“The Lion King” was the king of the jungle last week — or at least of the Broadway box office — as the show maintained its hold on the No. 1 slot just before the production claims the title of fifth longest-running show in Main Stem history.
“Lion King” pulled in a whopping $2,219,736 last week, with a bump of some $200,000 attributable to an extra ninth perf. The 15-year-old show is already the highest-grossing Rialto show ever, with a Gotham cume that currently stands at $887.7 million, and on Wednesday will surpass the 6,137 performances of “A Chorus Line” to take over the No. 5 slot on the list of Broadway long-runners.
“Wicked” ($2,147,461) also played an additional ninth perf last week and had a gain of $130,000 to show for it. It’s the second time this summer both shows have skedded an extra performance to take advantage of heightened demand among warm-weather tourists. The add-a-show tactic has long been common over the Thanksgiving and Christmas frames, but this is the first year that it’s becoming commonplace for summer weeks.
Most of the shows on the boards gained momentum last week, although you might not know it from a cume that was down by around $1.5 million. The drop is due to the absence of three shows that closed the previous sesh — “Harvey,” “Memphis” and “Fela!” — not to mention the scheduled weeklong absence of Ricky Martin from “Evita” ($737,920), which sent sales plummeting $280,000. (It’s worth noting, however, that more people saw “Evita” last week than the previous frame; they just paid less, on average, to do it.)
In general, however, most productions improved at the B.O., with the most notable upticks seen at shows including “Sister Act” (up 13% to $818,454) and “Ghost” (up 16% to $581,473), both closing later this month. Recent opener “Bring It On” ($472,810) climbed by 22% following the prior frame, when sales were dampened by a comp-heavy sked that included press perfs and opening night.
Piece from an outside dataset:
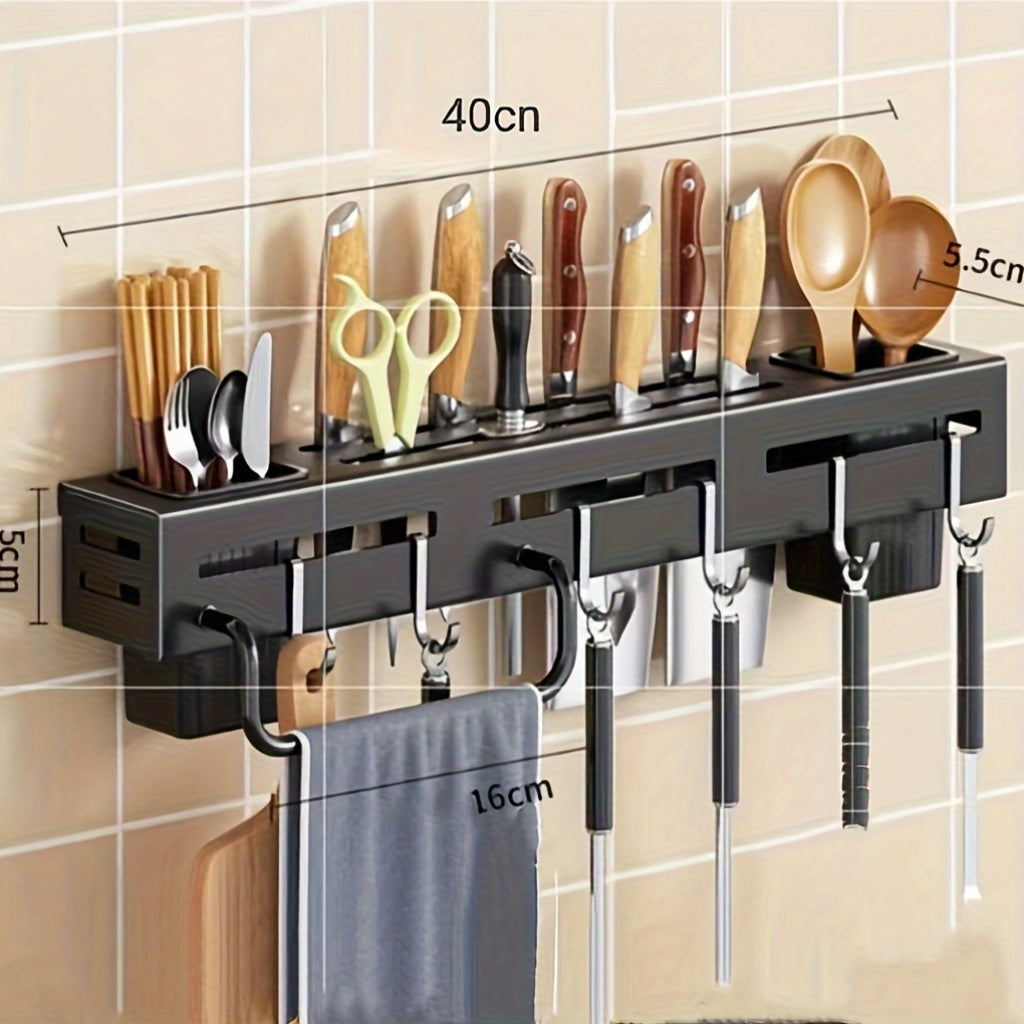 One piece of high-quality carbon steel knife rack designed for modern home kitchen storage. This rack is no-drill wall-mounted and features a multi-functional design with hooks, a towel rod, and a draining utensil caddy.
The second and final week of “Mike Tyson: Undisputed Truth” ($580,122 for six perfs) wasn’t quite as strong as it was in its first sesh. But even though fewer people saw the show, they were still willing to pay an average of $145 per ticket.
Overall Broadway sales, on the other hand, dropped by $1.7 million to $21.8 million for 25 shows on the boards. Attendance slid by about 20,000 to 218,168, or 83% of total capacity.